19When it was evening on that day, the first day of the week, and the doors of the house where the disciples had met were locked for fear of the Jews, Jesus came and stood among them and said, “Peace be with you.” 20After he said this, he showed them his hands and his side. Then the disciples rejoiced when they saw the Lord. 21Jesus said to them again, “Peace be with you. As the Father has sent me, so I send you.” 22When he had said this, he breathed on them and said to them, “Receive the Holy Spirit. 23If you forgive the sins of any, they are forgiven them; if you retain the sins of any, they are retained.” 24But Thomas (who was called the Twin), one of the twelve, was not with them when Jesus came. 25So the other disciples told him, “We have seen the Lord.” But he said to them, “Unless I see the mark of the nails in his hands, and put my finger in the mark of the nails and my hand in his side, I will not believe.”

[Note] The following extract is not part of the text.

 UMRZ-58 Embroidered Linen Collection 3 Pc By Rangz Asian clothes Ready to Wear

26A week later his disciples were again in the house, and Thomas was with them. Although the doors were shut, Jesus came and stood among them and said, “Peace be with you.” 27Then he said to Thomas, “Put your finger here and see my hands. Reach out your hand and put it in my side. Do not doubt but believe.” 28Thomas answered him, “My Lord and my God!” 29Jesus said to him, “Have you believed because you have seen me? Blessed are those who have not seen and yet have come to believe.” 30Now Jesus did many other signs in the presence of his disciples, which are not written in this book. 31But these are written so that you may come to believe that Jesus is the Messiah, the Son of God, and that through believing you may have life in his name.

What I am Learning:

There are many themes in this wonderful and often misunderstood text.

Jesus appears to his disciples who are locked in a room, hiding out for fear of the Judean leadership - selected by and working for Pontius Pilate. They were afraid that these leaders would finish the job and mop up the rest of Jesus' pathetic band of followers. They were right to be afraid!

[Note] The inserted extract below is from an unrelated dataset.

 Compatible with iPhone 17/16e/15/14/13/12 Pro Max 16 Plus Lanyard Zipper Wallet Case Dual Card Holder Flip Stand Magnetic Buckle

Then Jesus shows up in the locked room. How many times have we been locked up for fear? Jesus greets them, announces that he comes in peace, that their failures and trials of the last few days are over and forgiven. And then he gives them a job: "As the Father has sent me, so I send you." We are now invited to go back and read all of John, and to realize that everything that Jesus did we are now invited to do. Jesus begins his messianic community with these words - and of course with the gift of the Holy Spirit, Jesus' breath. Jesus as the messiah has only just begun his work to restore human beings and human community to God's intention and to create a future of wholeness for people and all creation. Jesus invites his disciples to join him, and that in this joining we will find ourselves.

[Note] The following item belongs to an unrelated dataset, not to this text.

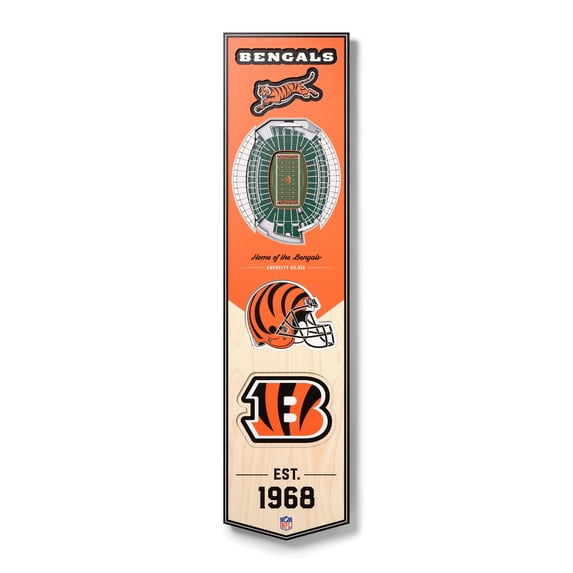 Cincinnati Bengals 8'' x 32'' 3D StadiumView Banner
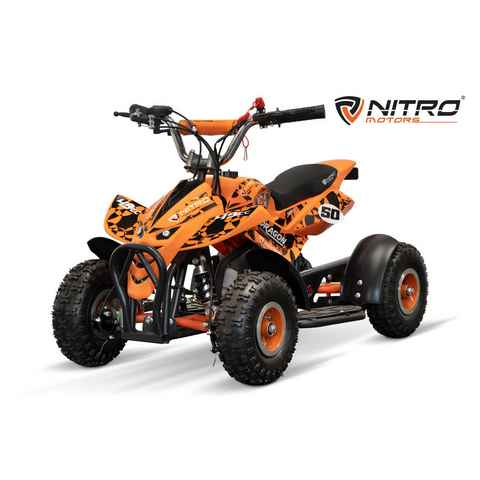 Nitro Motors Dirt-Bike 49cc Mini Kinder Quad Dragon 4" Kinderquad Pocketquad ATV, 1 Gang, Automatikschaltung, Easy Pull Starter, Not Aus Leine, stufenlos drosselbar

Then we come to Thomas. People often say bad things about Thomas, but I say good on him for speaking his mind. That takes guts.

People often speak of the miracle of Jesus' appearance in the locked room. But there is a deeper miracle here: that Thomas was still with the community a week after he didn't believe them. The community didn't kick him to the curb. He didn't leave. This is no authoritarian community in which if you doubt you're out. They had the courage and love to realize that they had doubts, too.

Doubt and faith are not opposites. Faith and certitude are opposites. Faith is born in the chorus of doubt and risk that sing to us day and night - yet find ourselves trusting nonetheless in a God who promises healing for all.  As Andy, a Lutheran pastor said this morning, doubt sharpens faith.

John hopes that in the hearing of this story that we come to believe - that we come to trust in Jesus the messiah and find our place as a beloved coworker with Christ in the reign of God.